_WHAT THE TASK ASKS_
Would you copy out the whole listing exactly as given?

_THE INPUT_
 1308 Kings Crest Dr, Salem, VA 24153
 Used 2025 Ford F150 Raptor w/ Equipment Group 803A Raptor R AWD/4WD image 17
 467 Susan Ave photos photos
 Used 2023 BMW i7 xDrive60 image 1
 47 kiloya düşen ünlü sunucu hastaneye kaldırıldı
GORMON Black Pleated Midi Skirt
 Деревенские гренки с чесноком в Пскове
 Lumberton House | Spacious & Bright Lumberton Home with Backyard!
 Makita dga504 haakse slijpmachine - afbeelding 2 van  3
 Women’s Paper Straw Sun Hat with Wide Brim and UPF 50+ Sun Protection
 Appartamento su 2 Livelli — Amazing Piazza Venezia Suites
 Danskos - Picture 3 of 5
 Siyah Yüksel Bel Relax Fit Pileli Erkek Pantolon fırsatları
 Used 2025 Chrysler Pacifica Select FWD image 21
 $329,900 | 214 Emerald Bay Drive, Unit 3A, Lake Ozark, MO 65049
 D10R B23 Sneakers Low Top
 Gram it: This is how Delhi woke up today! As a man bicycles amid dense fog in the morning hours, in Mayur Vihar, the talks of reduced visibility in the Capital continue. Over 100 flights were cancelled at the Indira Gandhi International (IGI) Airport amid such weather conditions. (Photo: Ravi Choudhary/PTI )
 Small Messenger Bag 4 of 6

_EXERCISE RESPONSE_
 1308 Kings Crest Dr, Salem, VA 24153
 Used 2025 Ford F150 Raptor w/ Equipment Group 803A Raptor R AWD/4WD image 17
 467 Susan Ave photos photos
 Used 2023 BMW i7 xDrive60 image 1
 47 kiloya düşen ünlü sunucu hastaneye kaldırıldı
GORMON Black Pleated Midi Skirt
 Деревенские гренки с чесноком в Пскове
 Lumberton House | Spacious & Bright Lumberton Home with Backyard!
 Makita dga504 haakse slijpmachine - afbeelding 2 van  3
 Women’s Paper Straw Sun Hat with Wide Brim and UPF 50+ Sun Protection
 Appartamento su 2 Livelli — Amazing Piazza Venezia Suites
 Danskos - Picture 3 of 5
 Siyah Yüksel Bel Relax Fit Pileli Erkek Pantolon fırsatları
 Used 2025 Chrysler Pacifica Select FWD image 21
 $329,900 | 214 Emerald Bay Drive, Unit 3A, Lake Ozark, MO 65049
 D10R B23 Sneakers Low Top
 Gram it: This is how Delhi woke up today! As a man bicycles amid dense fog in the morning hours, in Mayur Vihar, the talks of reduced visibility in the Capital continue. Over 100 flights were cancelled at the Indira Gandhi International (IGI) Airport amid such weather conditions. (Photo: Ravi Choudhary/PTI )
 Small Messenger Bag 4 of 6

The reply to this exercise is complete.